Goal of the exercise -
Leaving out the images, repeat all the lines below exactly.

[Data shown Boundary: Start]

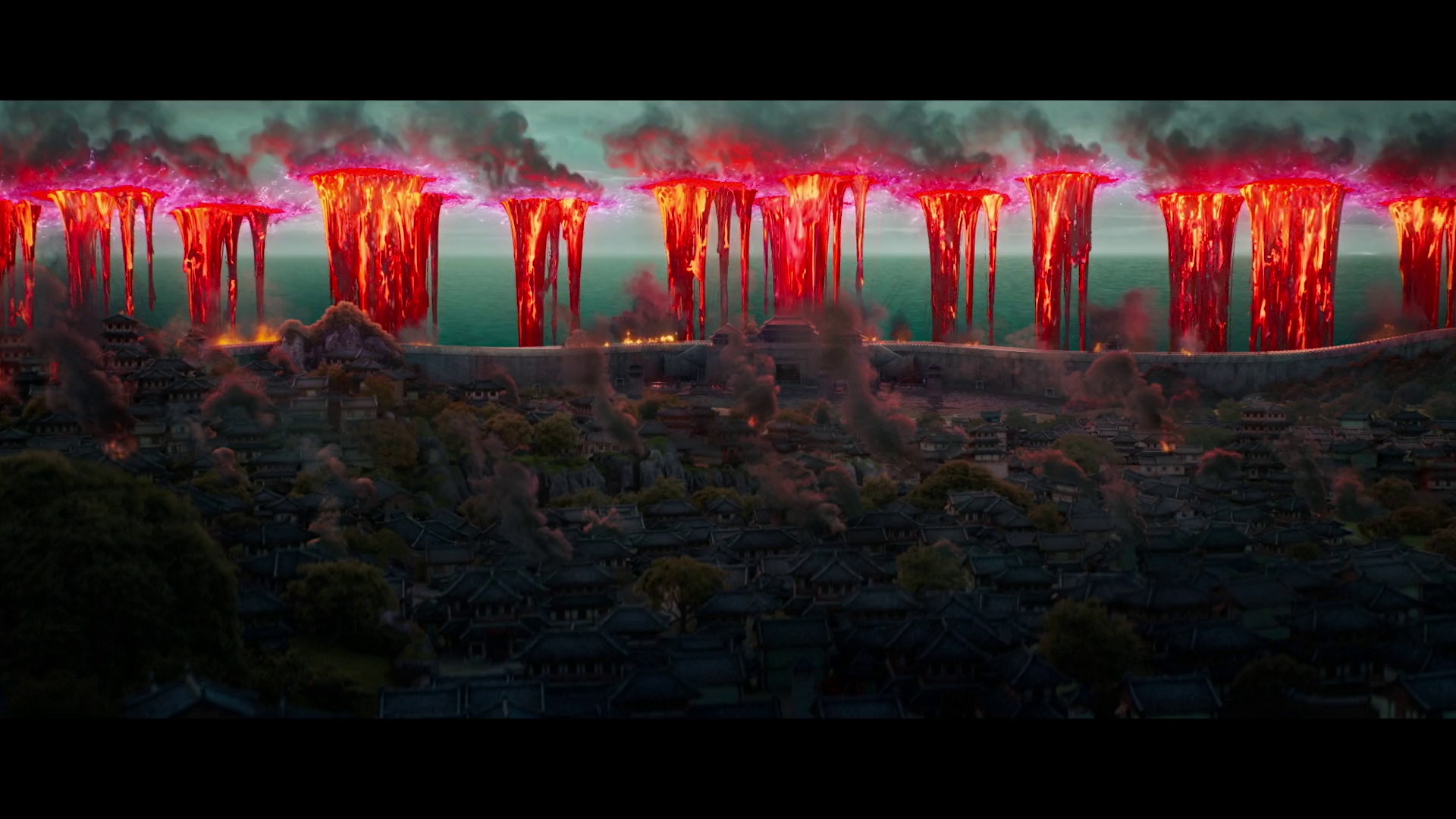 图片[2]-[BT下载][哪吒之魔童闹海][WEB-MKV/4.77GB][国语配音/中文字幕][1080P][流媒体][DreamHD]-影音屋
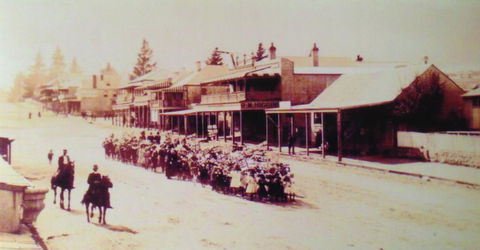 Wallace Lodge - PID-STRA-16871 - C Tourism 8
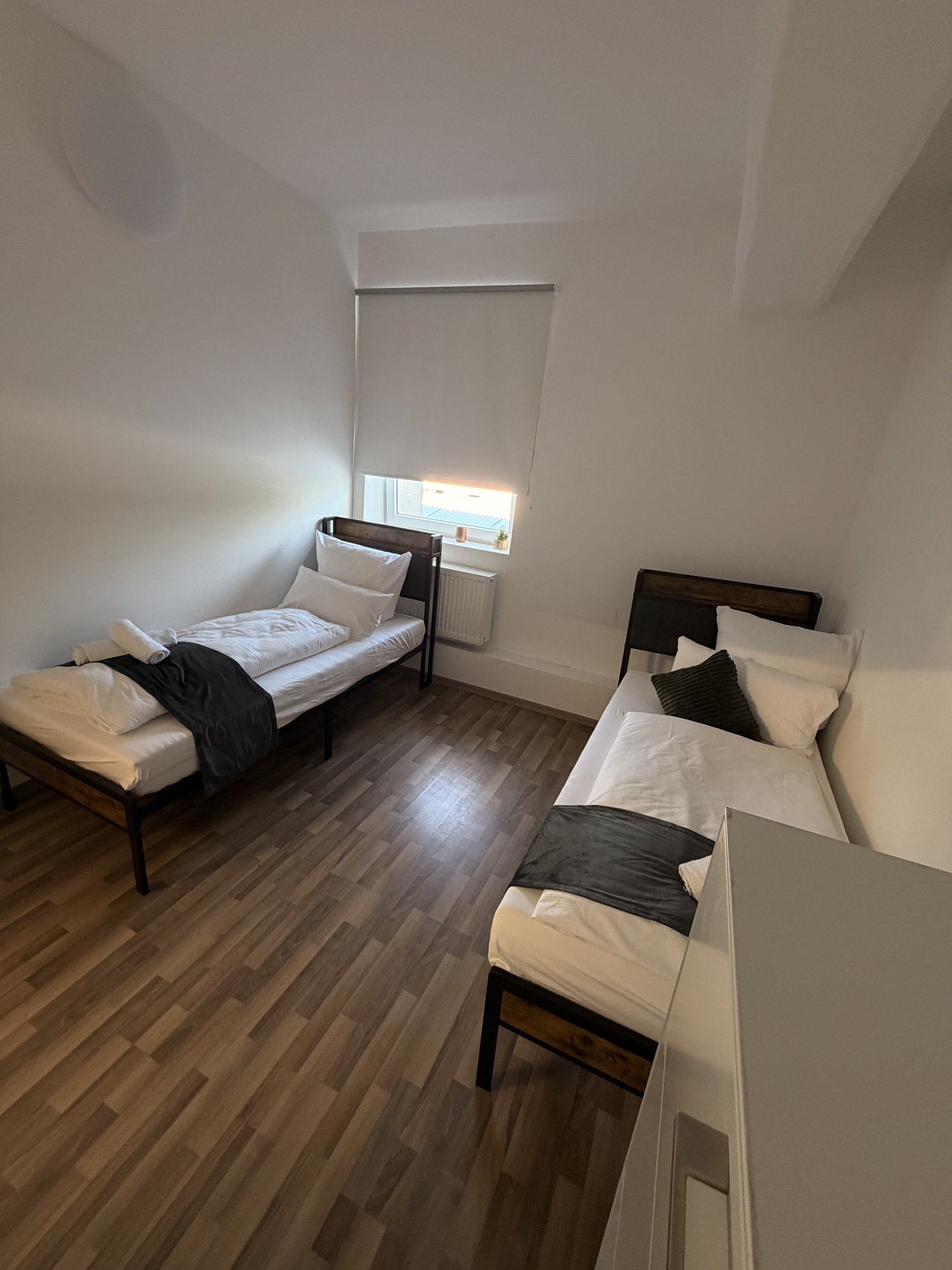 Pension-Ettlingen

[Data shown Boundary: End]

Task result -
 图片[2]-[BT下载][哪吒之魔童闹海][WEB-MKV/4.77GB][国语配音/中文字幕][1080P][流媒体][DreamHD]-影音屋
 Wallace Lodge - PID-STRA-16871 - C Tourism 8
 Pension-Ettlingen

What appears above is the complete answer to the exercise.